### Problem description
From the line that contains "Photo of Woman" to the final line below, both included, print each line exactly and skip the pictures.

++++ Input for this task

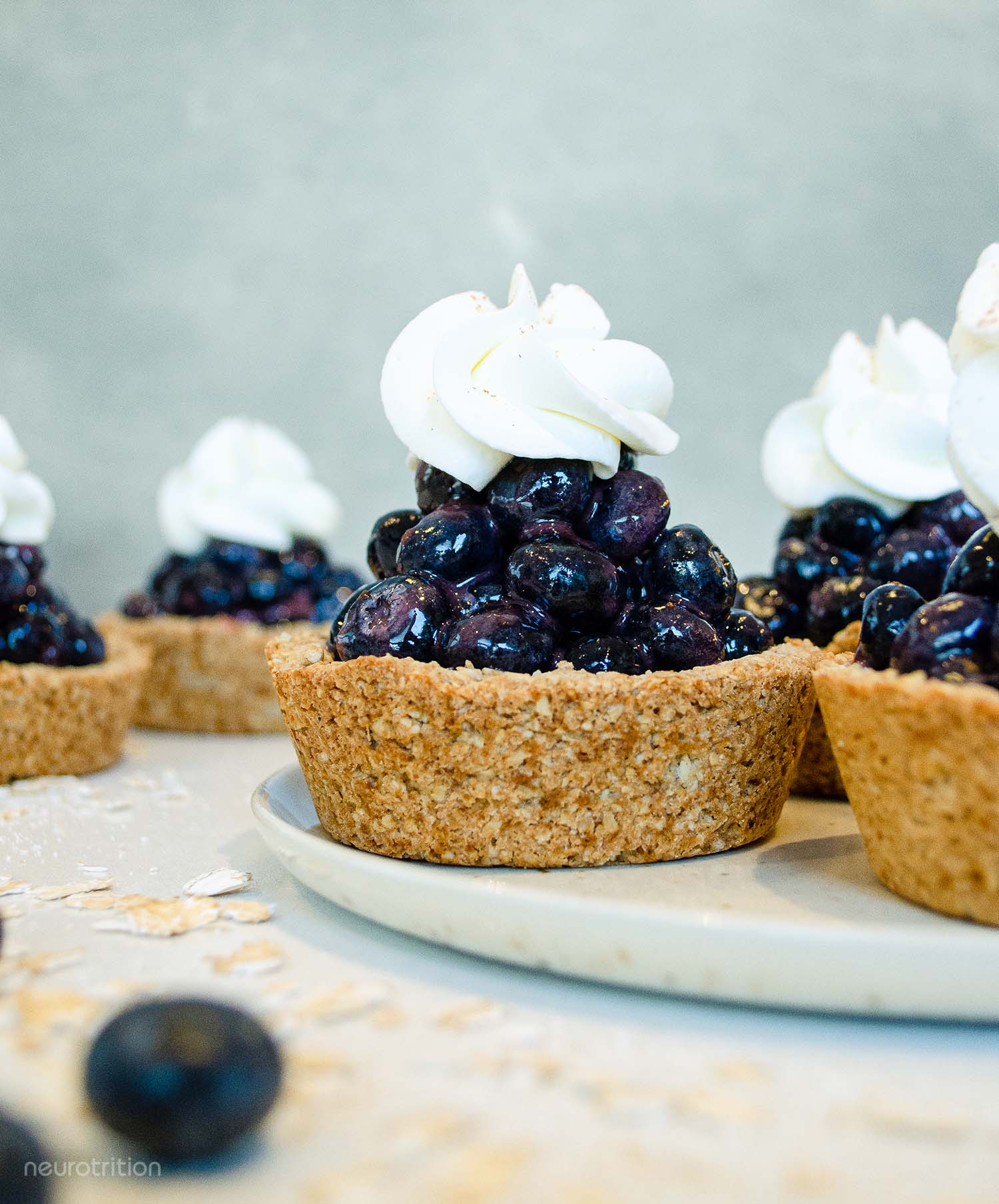 A group of mini blueberry pies with a dollop of whip cream on top of each.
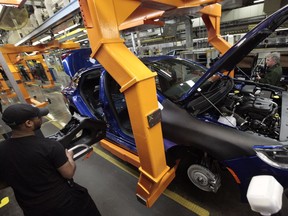 In this March 14, 2014, file photo, an assembly line worker builds a 2015 Chrysler 200 automobile at the Sterling Heights Assembly Plant in Sterling Heights, Mich.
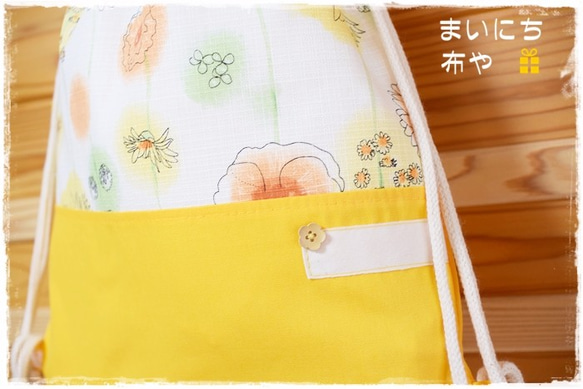 ナップサック型：爽やかな花柄の着替え袋(体操着袋）：橙色 2枚目の画像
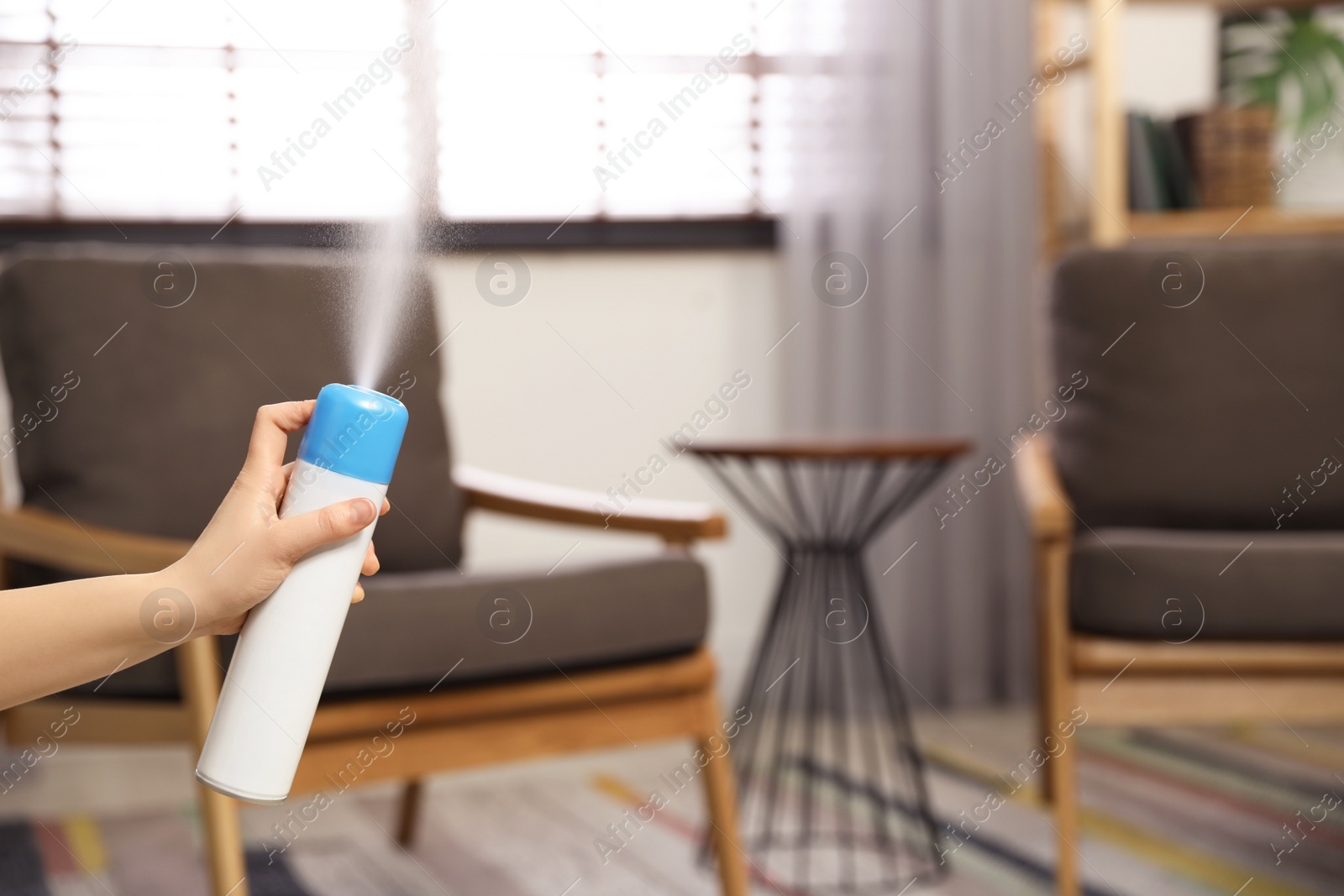 Photo of Woman spraying air freshener at home, closeup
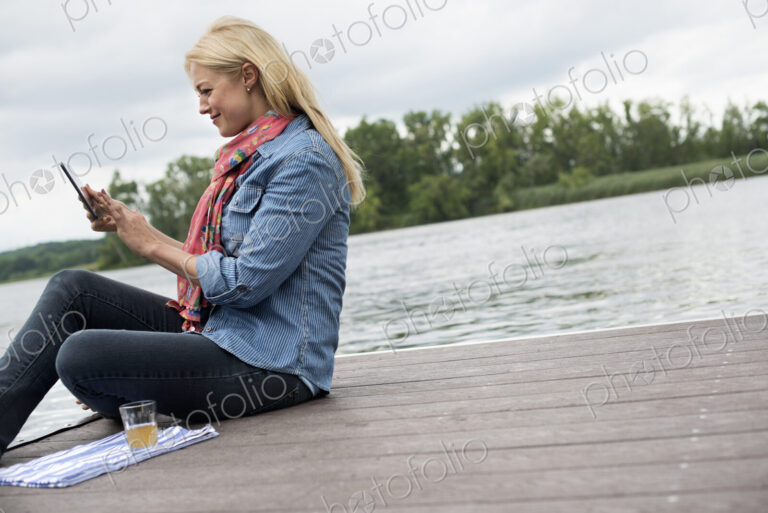 A woman sitting on a jetty by a lake, using a digital tablet.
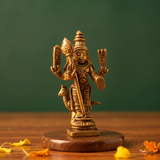 Brass Murugan idol in a slight left-angle standing view holding vel with peacock at side, on a wooden platform with petals, green backdrop.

++++++++

### Output
 Photo of Woman spraying air freshener at home, closeup
 A woman sitting on a jetty by a lake, using a digital tablet.
 Brass Murugan idol in a slight left-angle standing view holding vel with peacock at side, on a wooden platform with petals, green backdrop.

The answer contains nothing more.